As a human being, as a former classroom teacher and guidance counselor, I am deeply saddened and angered by the suicide death of Phoebe Prince, a 15-year-old Irish immigrant attending high school in South Hadley, Mass. It was well known within the school environment that Phoebe had been the target of unrelenting bullying and harassment by a group of fellow students. Phoebes parents talked with school officials regarding Phoebes predicament. Apparently, attention was not paid.
Bullying tactics are a sad and miserable fact of life. Such tactics can flourish if not met head-on. Immediate attention must be paid. In the classroom, a fully responsible teacher (a teacher who keeps eyes and ears open for such egregious behavior) can do much, by his or her own initiative, to change not only the behavior, but the attitude that promotes it.

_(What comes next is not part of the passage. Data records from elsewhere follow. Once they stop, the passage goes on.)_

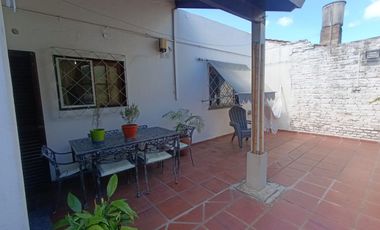 VENTA CASA 4 AMB GRAN PARQUE GARAJE ZARATE AP CRED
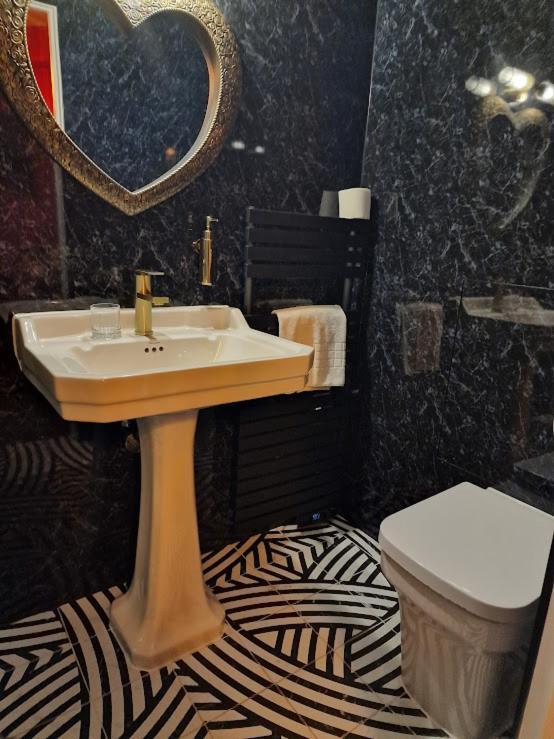 The Mad Hatter'S Guestrooms Oxford Bagian luar foto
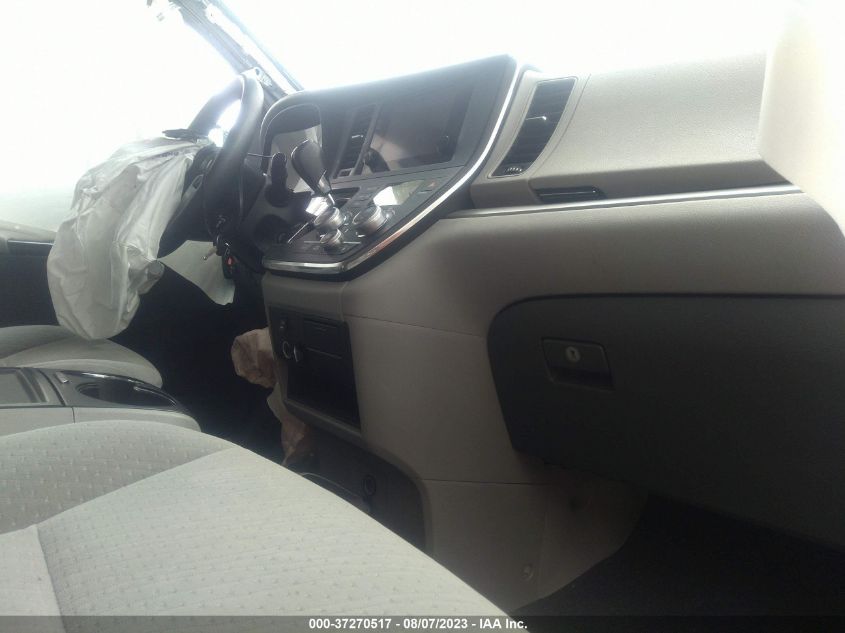 2015 TOYOTA SIENNA LE - 5TDKK3DC0FS552399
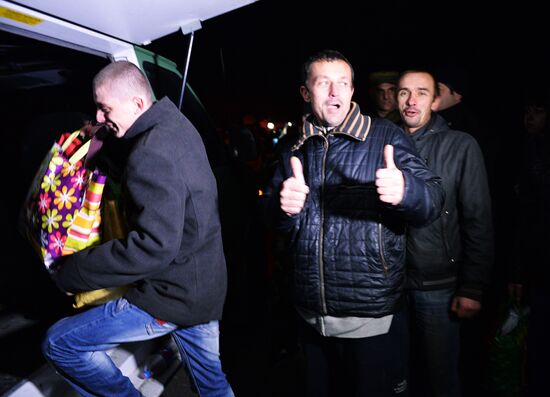 Prisoners of war exchanged in Donetsk suburb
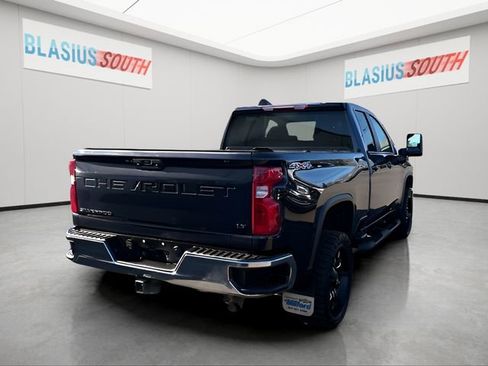 Used 2024 Chevrolet Silverado 2500 LT w/ Snow Plow Prep/Camper Package image 3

A classroom should be an inclusive place; for academics, of course, but also for the formidable social and emotional concerns that confront all of us every day. Every school can and should provide a level playing field – implemented by the administration, staff and most specifically the teachers – from which no student is excluded.
An excluded child is obvious to everyone; few circumstances are more forlorn, more terrible to witness. Each and every one of us is guilty if we are aware of injustice and not offer care, support and validation to anyone who is being abused.
In the case of Phoebe Prince, no one stood fast against the bullies. Guns, ball bats, stones are not needed to face them down. What is needed is the conviction that bullying, harassment and criminal meanness is wrong. Courage for what is right will win, not only the individual battle, but ultimately, the war.